The report details the horrendous sexual abuse that generations of girls and young women suffered at the hands of adult men – abuse that will have long-lasting impacts on the wellbeing of the victims and survivors themselves, as well as their families and the wider community as a whole.
Not only that, the report also makes clear that we are a long way off from eradicating the rape culture that is so rampant in our society.
When searching for answers to such unthinkable crimes, it can be tempting to see them as isolated incidents. But, at Rape Crisis, we know that this simply isn’t true.
As the Independent Inquiry into Telford and the wider area shows, child rape and other forms of child sexual abuse remain widespread in England and Wales. The most violent and appalling crimes against girls were normalised and played down – and this is what we mean when we talk about rape culture.

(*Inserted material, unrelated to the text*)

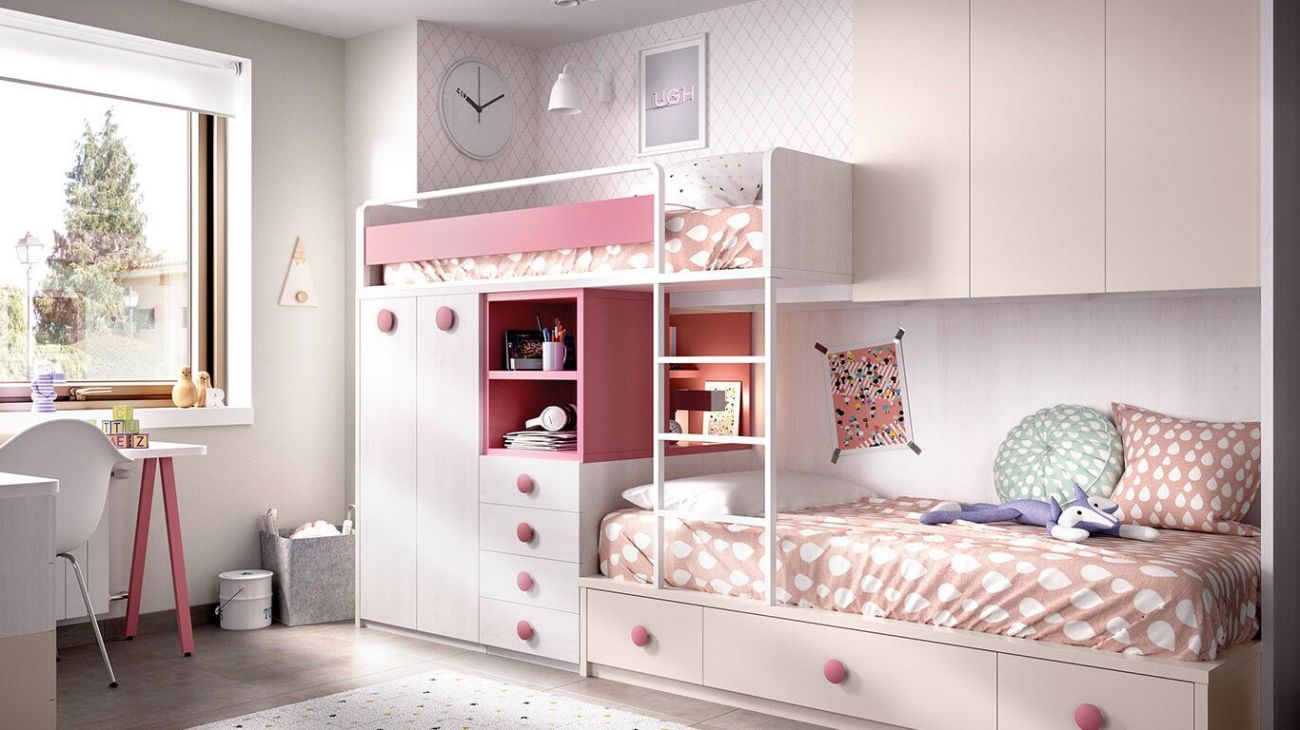 Quarto Juvenil H-316, Quartos de crianças e Quartos Juvenis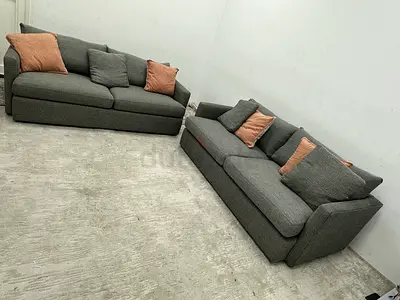 Almost brand new crate&barrel sofa set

In Telford, as in Rotherham, authorities knew what was happening. For decades, agencies dismissed the girls who had experienced repeated rape and abuse – and who had been deliberately targeted for their vulnerability and then groomed by perpetrators – as ‘child prostitutes’. Police, schools and councils viewed the rapes and sexual abuse of vulnerable girls as 'lifestyle choices' and did nothing.
And all of this combined to only embolden perpetrators more in the face of police and societal inaction.
At Rape Crisis, we stand in solidarity with victims and survivors of child rape and all other forms of sexual violence and abuse. We will listen to you and believe you. And we won't stop fighting for you until cases like Telford are never allowed to happen again.